Most of the information presented here is summarized in a table located at the end of this section.

Hydrazine sulfate has been studied extensively in patients with advanced cancer. These studies have evaluated the following: a) tumor response and/or survival among patients with various types of cancer,[1,2,3,4,5,6,7,8,9,10,11,12,13] b) changes in body weight,[1,2,3,4,5,6,8,10,11,12,14] c) carefully measured quality of life,[4,5,6,15] and d) changes in nutritional or metabolic status.[1,4,12,13,16,17]Clinical studies of hydrazine sulfate have been funded by a pharmaceutical company,[3] the Russian government,[7,9,10,18] and by grants from the National Cancer Institute (NCI).[1,2,4,5,6,8,11,12,15,16] They have also been sponsored by the North Central Cancer Treatment Group (NCCTG) [5,6] and the Cancer and Leukemia Group B (CALGB).[4,15]

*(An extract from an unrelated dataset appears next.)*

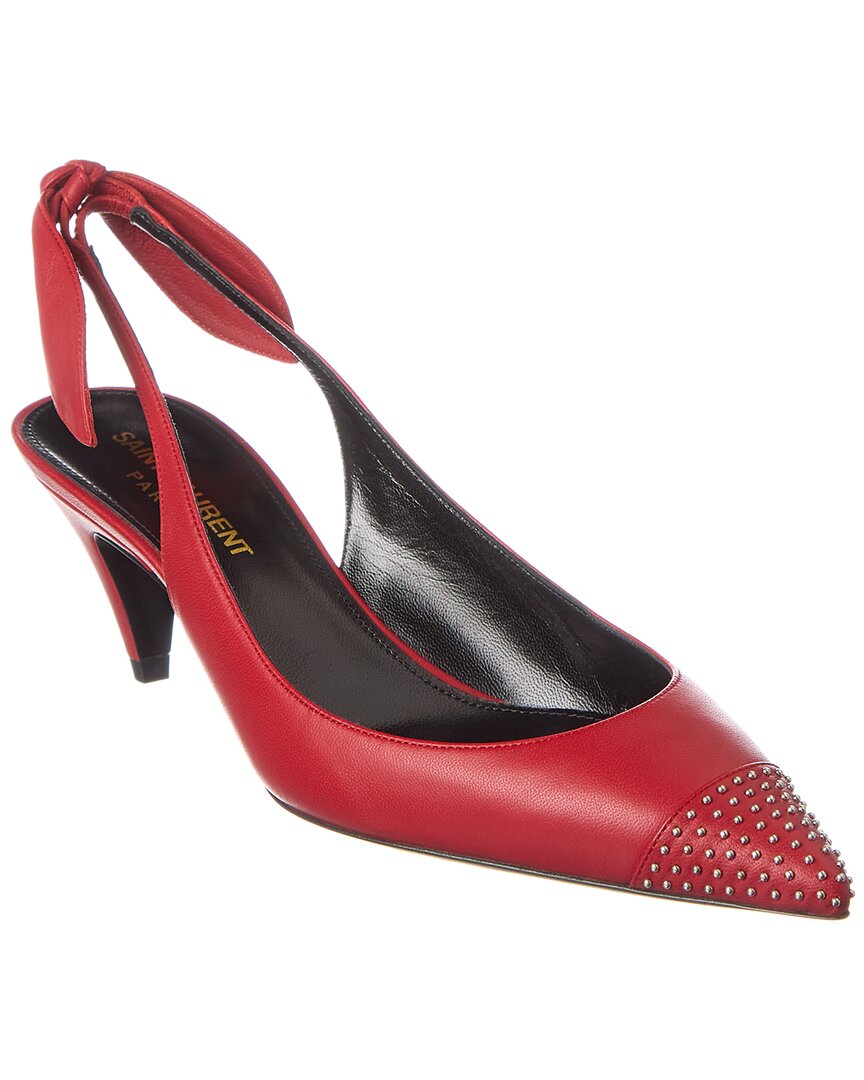 Saint Laurent Charlotte 55 Leather Slingback Pump In Red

The first clinical tests of hydrazine sulfate as a treatment for cancer were conducted in the mid-1970s by a pharmaceutical company.[3] In an uncontrolled study of 158 patients with advanced disease, it was found that 45 of 84 evaluable patients had subjective improvements (i.e., the patients reported an increase in appetite, a decrease in weight loss, an increase in strength, or a decrease in pain) and that 14 had objective improvements (i.e., there was measurable tumor regression, stable disease, or improvement in a cancer-related disorder) in response to treatment with hydrazine sulfate. Among the patients with objective responses, two had long-term (17 and 18 months) stabilization of their disease and seven had measurable tumor regression, although the extent and duration of these regressions were not specified. Major weaknesses of this study included the absence of a control (i.e., comparison) group and the fact that 74 of the 158 initially recruited patients could not be evaluated because of poor prognosis, missing documentation, insufficient duration of treatment, and/or concurrent therapy (i.e., therapy given at the same time) with other anticancer drugs.[3]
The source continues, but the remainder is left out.